147  

Когда он включил дворники, которые принялись разметать в стороны растаявший иней, телефон снова зазвонил.

— Харри Холе.

— Это Михолеч, мать Софии. Вы сказали, что я могу позвонить, если…

— Да?

— Кое-что случилось. С Софией.

Глава 30

Вторник, 22 декабря. Молчание

Самый короткий день в году.

Так написано на первой полосе «Афтенпостен», которая лежала перед Харри на столе в приемной травмопункта на Стургата. Он взглянул на стенные часы. И только потом вспомнил, что на руке наконец-то вновь есть часы.

— Сейчас доктор вас примет, Холе! — окликнула женщина из окошка, которой он изложил свое дело: ему необходимо поговорить с врачом, а именно с тем, кто несколько часов назад принимал Софию Михолеч и ее отца. — Третья дверь справа по коридору!

Харри встал, прошел мимо молчаливых пациентов.

Третья дверь справа.

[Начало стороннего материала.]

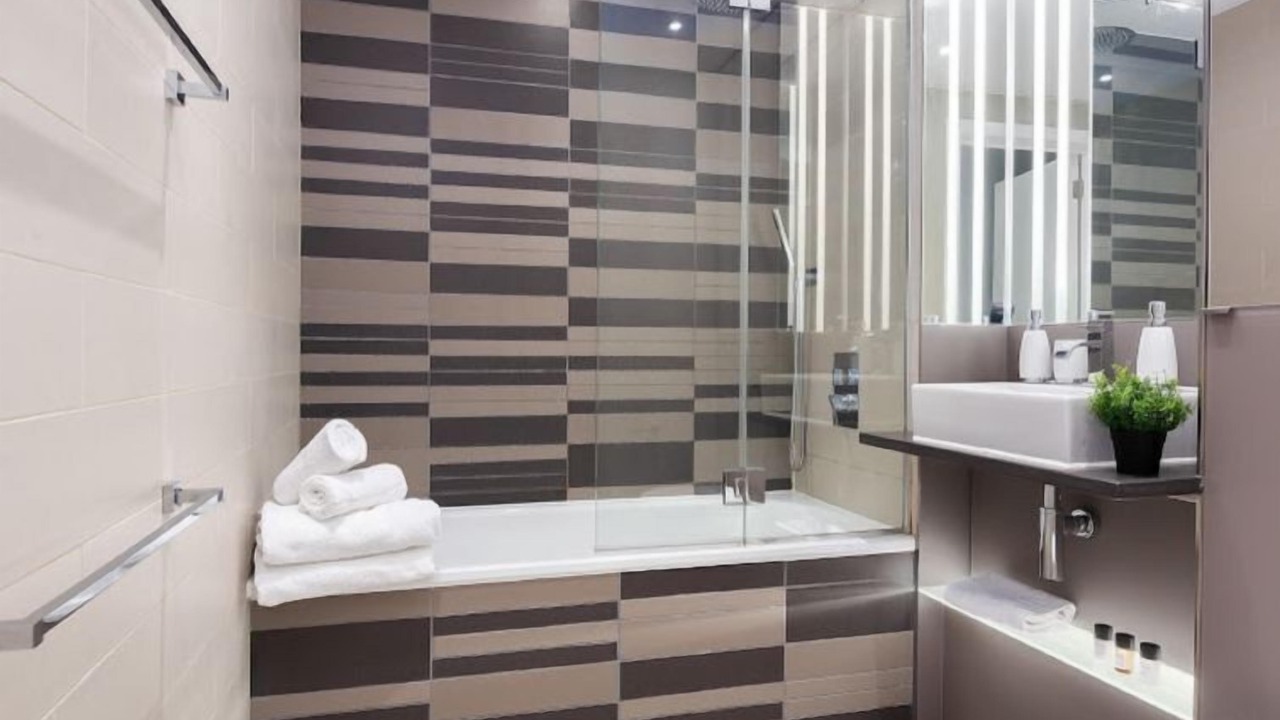 Photo of Bathroom in Weavers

Случай, конечно, мог бы направить Софию во вторую дверь справа. Или в третью слева. Но нет, оказалась третья справа.

— Привет, я так и понял, что это вы, — улыбнулся Матиас Лунн-Хельгесен, вставая и протягивая руку. — Чем могу помочь на сей раз?

— Дело касается пациентки, которая побывала у вас сегодня утром. София Михолеч.

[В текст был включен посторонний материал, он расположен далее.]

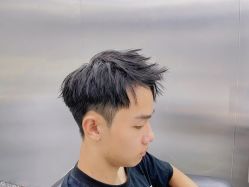 -Tloml salon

— Ну что ж. Садитесь, Харри.

Харри не стал обращать внимание на дружеский тон собеседника, сам он не желал поддерживать этот тон, не из гордости, а просто потому, что оба будут испытывать лишь неловкость.

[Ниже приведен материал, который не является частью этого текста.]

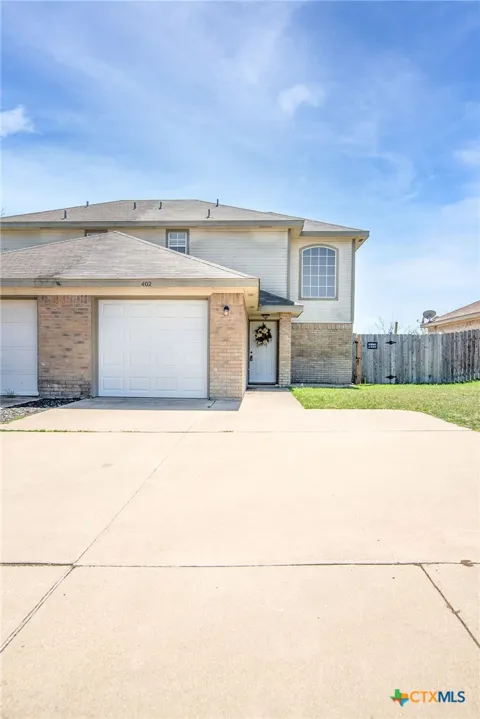 402 Deloris Dr.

— Мне позвонила мать Софии и сказала, что проснулась утром от плача Софии. Она пошла в комнату к дочери и нашла Софию в синяках и в крови. Дочь сказала, что гуляла с подругами, а по дороге домой поскользнулась на льду, упала и расшиблась. Мать разбудила отца, и он повез дочку сюда.

— Возможно, так и было, — сказал Матиас. Он сидел облокотившись на стол, словно выказывая искренний интерес.

— Но мать считает, что София лжет. Когда отец с дочерью уехали, она осмотрела постель. Кровь была не только на подушке. Но и на простыне. «Внизу», как она выразилась.

Матиас хмыкнул. И этот звук выражал не подтверждение и не отрицание, они специально отрабатывают его на занятиях по психотерапии. Интонация в конце повышается, как бы предлагая пациенту продолжать. Именно с такой интонацией хмыкнул и Матиас.

— Сейчас София заперлась в своей комнате. Плачет, но говорить отказывается. И, по словам матери, от нее ничего не добьешься. Мать звонила ее подругам. Ни одна из них Софию вчера не видела.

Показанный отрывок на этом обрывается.